Input data ▸
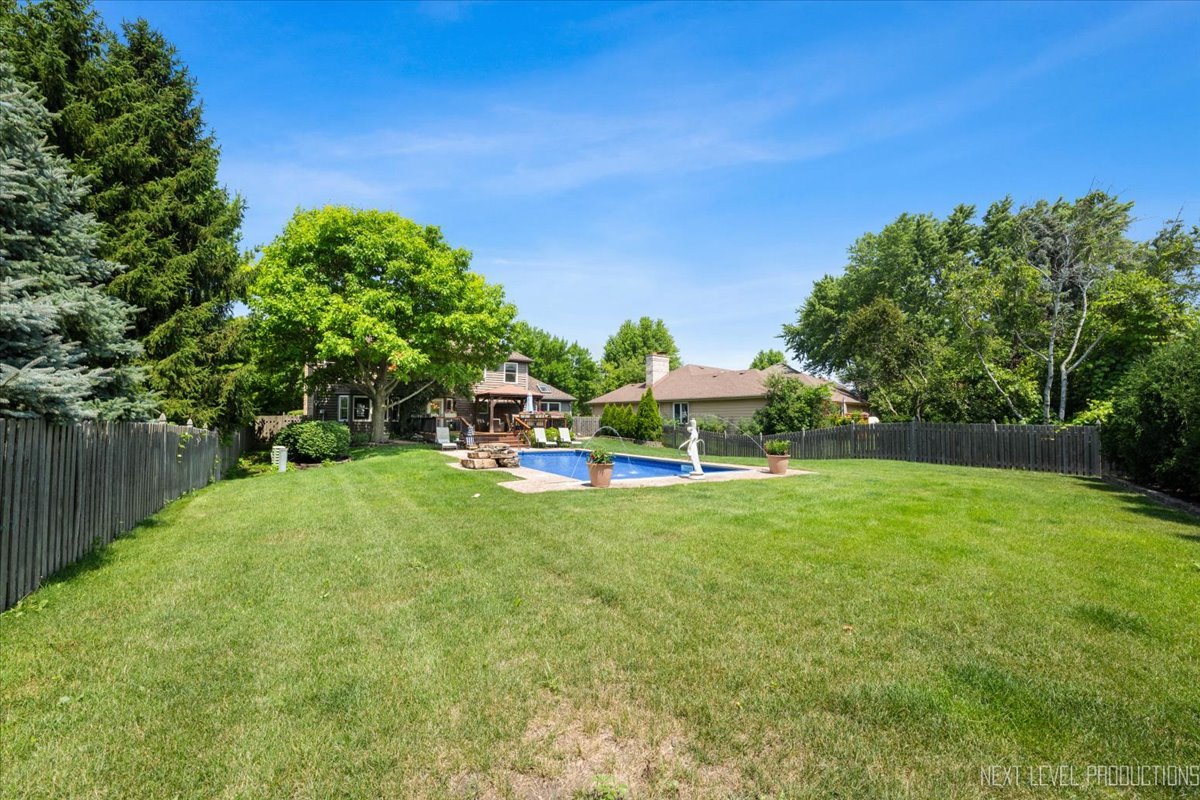 621 Dilorenzo Drive, Naperville, IL 60565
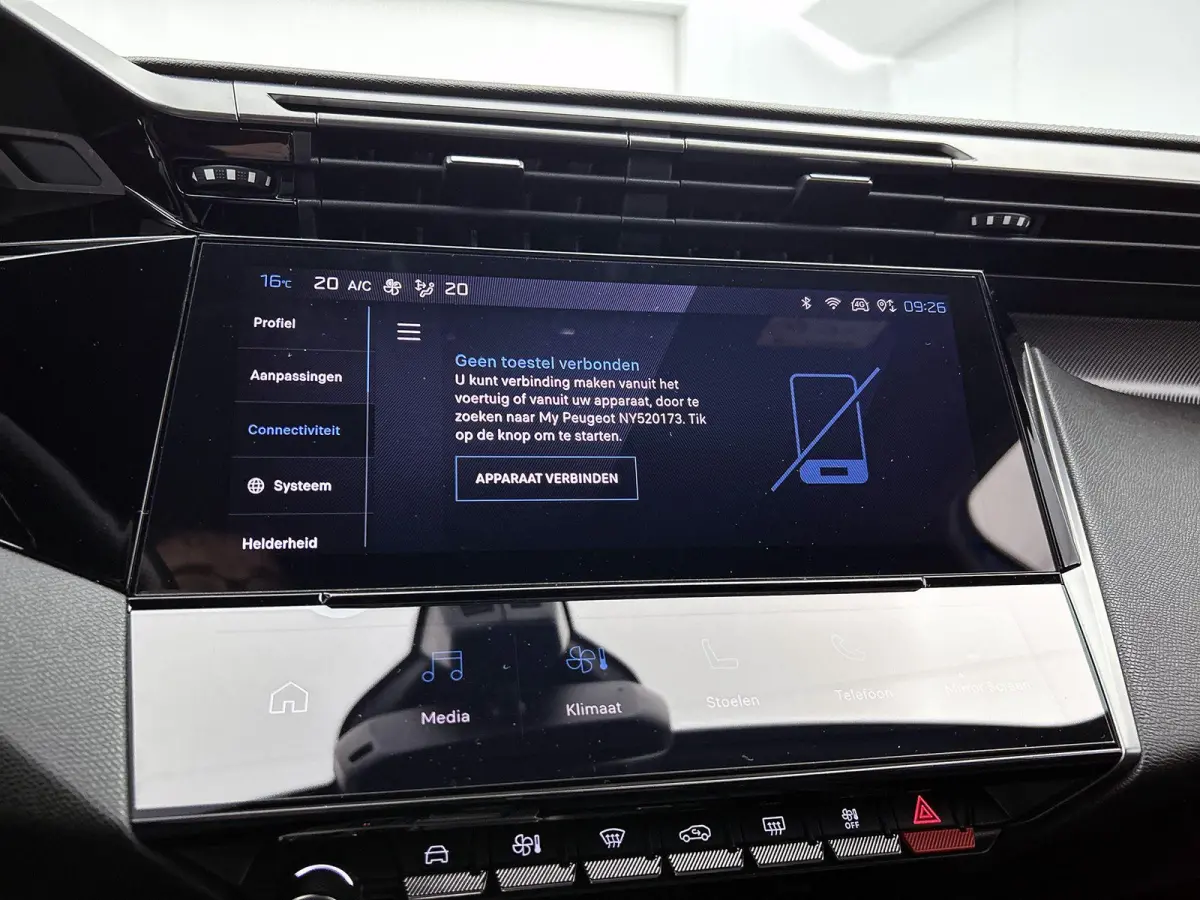 1.2 GT Pack Business 130pk Automaat | Trekhaak | Elektrische Bestuurdersstoel | Stoelmassage | Adaptieve Cruise Control | Navigatie | Climate Control | Focal | 360 Camera | Matrix-LED |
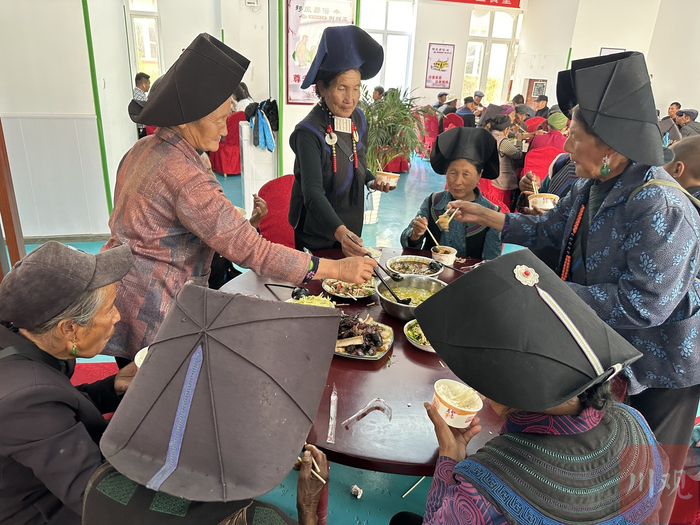 老人们在公益食堂内就餐。朱丽 摄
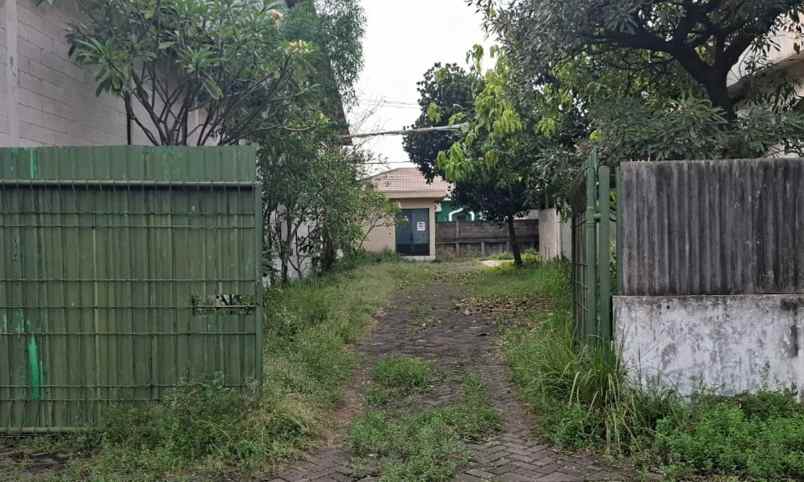 dijual ruko gudang kantor krikilan kec driyorejo kab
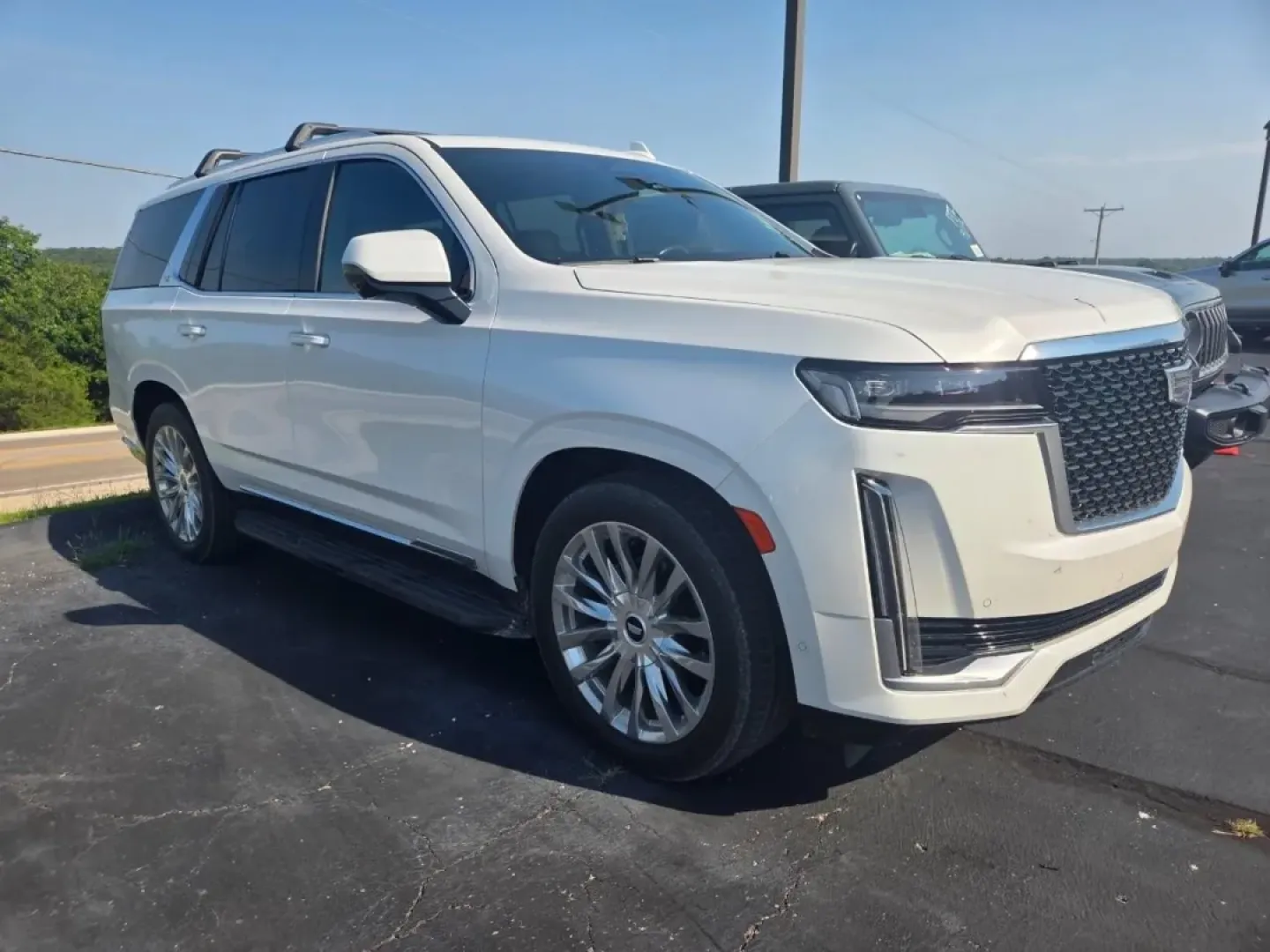 2021 /Brandy With Very Dark Atmosphere Accents Cadillac Escalade Premium Luxury (1GYS4CKL1MR) with an Other engine, Automatic transmission, located at 12830 Highway 21, De Soto, MO, 63020, (636) 337-7777, 38.153099, -90.573624 - **Elevate Your Family Adventures with the 2021 Cadillac Escalade Premium Luxury!** <br /> <br /> When it comes to family outings, weekend getaways, or simply navigating through your daily commute, the 2021 Cadillac Escalade Premium Luxury stands unrivaled. This SUV, designed for those who demand bo - Photo#0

Brief ▸ Return every line above exactly, omitting images.

Response to the task ▸
 621 Dilorenzo Drive, Naperville, IL 60565
 1.2 GT Pack Business 130pk Automaat | Trekhaak | Elektrische Bestuurdersstoel | Stoelmassage | Adaptieve Cruise Control | Navigatie | Climate Control | Focal | 360 Camera | Matrix-LED |
 老人们在公益食堂内就餐。朱丽 摄
 dijual ruko gudang kantor krikilan kec driyorejo kab
 2021 /Brandy With Very Dark Atmosphere Accents Cadillac Escalade Premium Luxury (1GYS4CKL1MR) with an Other engine, Automatic transmission, located at 12830 Highway 21, De Soto, MO, 63020, (636) 337-7777, 38.153099, -90.573624 - **Elevate Your Family Adventures with the 2021 Cadillac Escalade Premium Luxury!** <br /> <br /> When it comes to family outings, weekend getaways, or simply navigating through your daily commute, the 2021 Cadillac Escalade Premium Luxury stands unrivaled. This SUV, designed for those who demand bo - Photo#0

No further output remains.